Now the expression has been tranformed into something which makes finding the optimum matrix $\mathbf{A}_1$ to minimise expectation $E\left(\left(\mathbf{y} - \mathbf{\mu_y}\right)^T \cdot \left(\mathbf{y} - \mathbf{\mu_y}\right) \right)$ far easier. The next step requires to take derivatives of all matrix elements of matrix $\mathbf{A}_1$. A short review of **matrix derivatives** is helpful in this context.

---


## Matrix derivatives

Let $f(\mathbf{X})$ be a scalar function of a matrix.
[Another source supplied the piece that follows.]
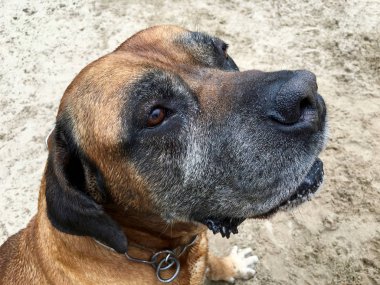 Boerboel, Güney Afrika mastiff çalınması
Arranging all derivatives $\frac{\partial}{\partial x_{k,\ m}}f(\mathbf{X})$ as a matrix is called a matrix derivative.  For a matrix $\mathbf{A} \ : \ \in \mathbb{R}^{K \times M}$ the matrix derivative is again a $K \times M$ matrix.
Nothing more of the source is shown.